Thomas Kirchner, Integrationspolitischer Sprecher der CDU-Stadtverordnetenfraktion
Thomas Kirchner, Integrationspolitischer Sprecher der CDU-Stadtverordnetenfraktion
Frankfurt am Main, 12. Oktober 2011 - Der integrationspolitische Sprecher der CDU-Fraktion Frankfurt am Main, Thomas Kirchner, reagiert besorgt auf die Pläne der radikalislamischen Gruppe „DawaFFM“, eine salafistische Moschee in Seckbach zu errichten.

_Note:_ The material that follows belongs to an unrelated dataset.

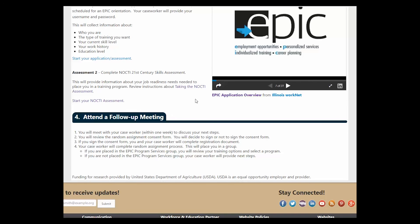Before the customer leaves for the day, please take the time to schedule a follow-up appointment.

„DawaFFM“ und ihr Sheik Abdellatif, der, so Kirchner, nach Intervention des AMKA und der CDU-Fraktion schon in zahlreichen Moscheegemeinden Frankfurts offiziell Hausverbot erhalten habe, sprächen sich in Internetveröffentlichungen gegen den Kontakt von Muslimen mit Andersgläubigen (Juden, Christen) aus, da sie diese, vergleichbar mit Tieren, für unrein hielten.

 
Kirchner steht daher uneingeschränkt hinter der  gestern verlautbarten Stellungnahme des Hessischen Innenministers Boris Rhein. „Konsequentes Vorgehen des Rechtsstaates gegen extremistische, ausländische Organisationen, wie es Minister Rhein bereits gegenüber den Grauen Wölfen in Griesheim gezeigt hat, ist unbedingt notwendig“, so Kirchner. „Insbesondere den Versuchen von Extremisten, Jugendliche für Ihre Ideologie zu gewinnen, muss entschlossen begegnet werden. Eine falsche Toleranz wäre hier fehl am Platz“, führt der Integrationspolitiker weiter aus.
 
Thomas Kirchner sieht in der Auseinandersetzung mit den radikalen Salafisten allerdings auch die in Frankfurt lebenden Muslime in der Pflicht.  „Mit dem Recht auf freie Religionsausübung und dem Bau repräsentativer Sakralbauten ist untrennbar die Pflicht verbunden, sich gegen diejenigen abzugrenzen, die den islamischen Glauben für radikale Forderungen missbrauchen und damit unsere gesellschaftliche Ordnung gefährden. Die CDU erwartet von den islamischen Verbänden, Moscheevorständen und Imamen ein klares Bekenntnis zu unserem Rechtsstaat und eine deutliche Abgrenzung vom Islamismus. Sich früh gegen extreme Tendenzen aktiv zu positionieren, ist in Deutschland nach den Erfahrungen des vergangenen Jahrhunderts eine gute und wichtige Lehre und Verpflichtung in unserem Land geworden“ führt Kirchner aus. Dies entspräche auch dem Geist des Frankfurter Integrationskonzeptes.
 
Für die zukünftige Auseinandersetzung mit radikalen Islamisten regt der CDU-Stadtverordnete Kirchner insbesondere vier Maßnahmen an.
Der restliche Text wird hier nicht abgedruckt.